El médico que lo atiende, Mauricio García Linera, dijo que se trataba de “ un chequeo anual de rutina ” y descartó versiones sobre presuntos problemas cardíacos. Explicó que se le hará “un chequeo cardiaco, valoración de presión arterial y otros exámenes neurólogos, otorrinos y de otros especialidades”. El alta está programada para hoy.
El vicepresidente Alvaro García Linera, hermano del médico personal del mandatario, sostuvo que fueron los ministros quienes “le obligaron” a Evo a que se haga la revisión médica ya que “ es muy trabajador y el cuerpo se cansa ”. “El presidente ya también exagera…a veces llega a las 5 de la mañana a Palacio y se va a medianoche”, agregó.

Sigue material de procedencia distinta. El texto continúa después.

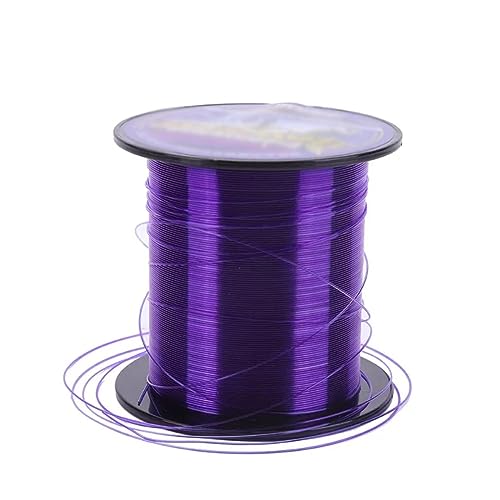 Fil de pêche en nylon violet de 500m idéal pour le surfcasting - 2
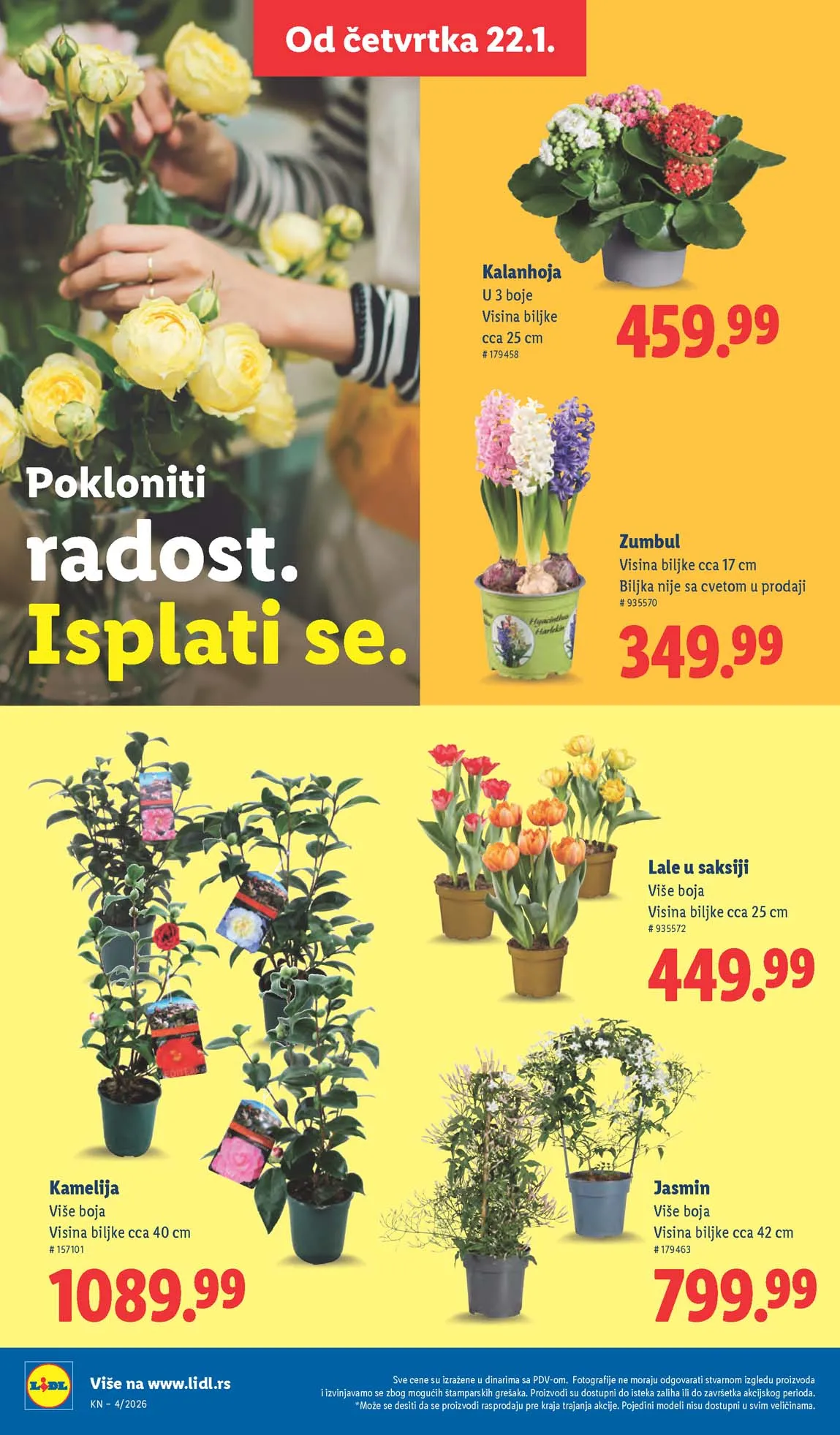 Lidl akcija sniženja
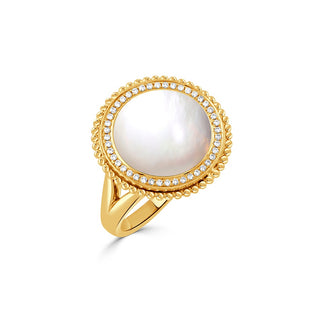Doves by Doron Paloma Justinian Fashion Ring R11088WMP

García Linera agregó que Evo lleva seis años a este ritmo y que por eso “era importante ese chequeo médico de todo un día”.
El presidente boliviano fue operado en febrero de 2009 para corregir problemas en su tabique nasal, que le habían provocado fuertes dolores de cabeza, en agosto de ese año recibió tratamiento por un aparente contagio de la gripe H1N1 y, en noviembre de 2010, fue sometido a una operación en su rodilla izquierda.